PTSG is unique in the way it provides building owners and
managers with the niche specialist services they need to operate at
optimum efficiency. We have never strayed from our original vision
of meeting a market requirement for a single provider of multiple
expert services to the services and construction sectors. As we
continue to pursue our business model, which combines acquisitive
growth and organic growth, while delivering our unique bundled
service provision, we enjoy year-on-year growth.
Absolutely fundamental to this growth and success is our
approach to customer service. Its importance for any business can't
be overstated, but for PTSG it's the destination to which all other
roads lead. In every job we do, we want to delight our customers
through our high standards of workmanship. We look for ways to
innovate, to offer cost-effectiveness, to offer services beyond the
original contract and to ensure our operatives undertake every
action safely. This approach guarantees the best possible result
and has led to a contract renewal rate of 88%. This is an
endorsement that we do "get it right" and is something we aim to
maintain and build on even further.
Acquisitions unlock further market potential
Having mentioned acquisitions as one of the bedrocks of our
success, in 2018 we made two carefully targeted and highly
strategic business acquisitions that have bolstered our Fire
Solutions and Electrical Services divisions - which I expect to be
the two most prolific areas of the Group in 2019. M&P Fire
Protection Ltd. (M&P) was acquired in July 2018. The team
provides a range of services in the installation, maintenance and
testing of dry and wet riser systems and commercial and domestic
sprinkler systems. Based in Maidstone, Kent, this gives us a
substantial presence in the south of England.

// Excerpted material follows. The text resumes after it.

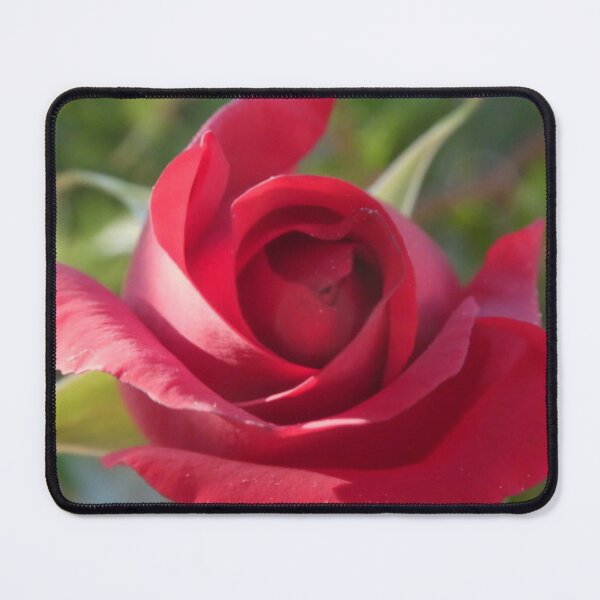 Item preview, Rose one day, rose always designed and sold by MirelleHDB.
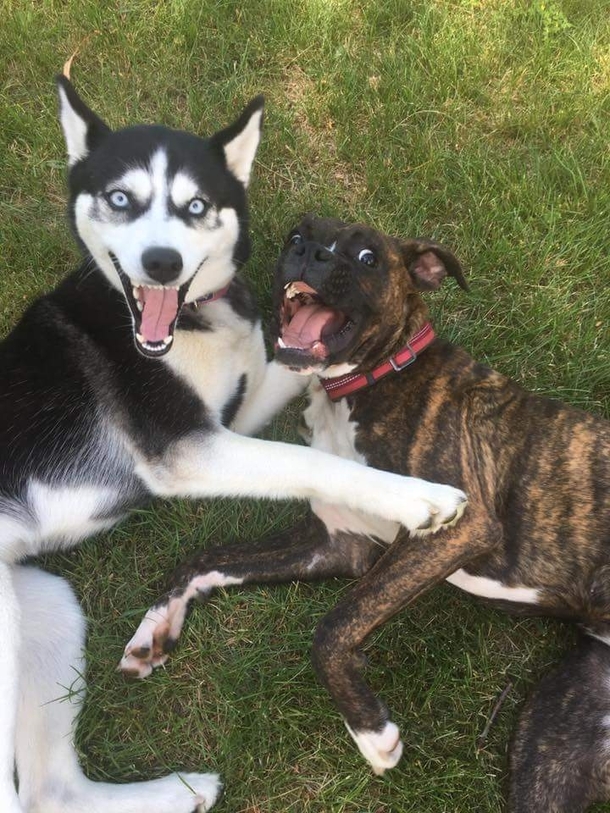 Smile for the camera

In October 2018, we acquired Guardian Electrical Compliance
Limited, based in Sheffield, to enhance our strong presence in the
electrical safety services market. The company complements our
existing compliance and testing operating model and product
coverage extremely well. Furthermore, its proprietary "TraQ-It"
software platform enhances our existing disciplines. Guardian,
therefore, is far from just a commodity; it is a managed testing
service - and 72% of PTSG's proforma 2019 gross profit is generated
by compliance businesses.
It is worth noting that we have made 26 business acquisitions to
date. A substantial number of these were in the areas of lightning
protection and electrical testing and maintenance, which has seen
PTSG Electrical Services Ltd. become the largest of our four
business divisions, making a significant Group turnover
contribution. I am confident that Fire Solutions will follow a
similar path, aided by the ongoing high demand for services in this
area.
Grenfell - the beginning of a more robust approach to fire
safety
Although nearly two years have passed since the Grenfell
tragedy, its effects are still resonating throughout the industry,
with a call for a rigorous approach to compliance and testing
within buildings. The fire was allegedly caused by an electrical
fault within one of the apartments, which soon got out of control
largely because of the building's flammable cladding. However, as
M&P Fire Protection's Paul Atkins told BBC London: "If they'd
had a sprinkler system the fire would have been deluged before it
got to the cladding. People would've had plenty of time to leave
the building. To date no-one has ever died in a fire with a
sprinkler system in the household."
The disaster triggered a huge demand for fire safety and
suppression systems to be installed within buildings, with several
councils in London alone committing to sprinkler systems in all of
their housing blocks of a certain height. The world's first modern
recognisable sprinkler system was installed in the Theatre Royal,
Drury Lane in the United Kingdom in 1812 by its architect, William
Congreve, and was patented the same year. It's an innovation which
has been saving lives for over two centuries and has the potential
to save countless more.
Of course, innovation is about much more than technology. As a
multi-disciplinary service provider, it is about being open to
change with the ability to adapt quickly and effectively to meet
the evolving needs of the business leaders in our industry.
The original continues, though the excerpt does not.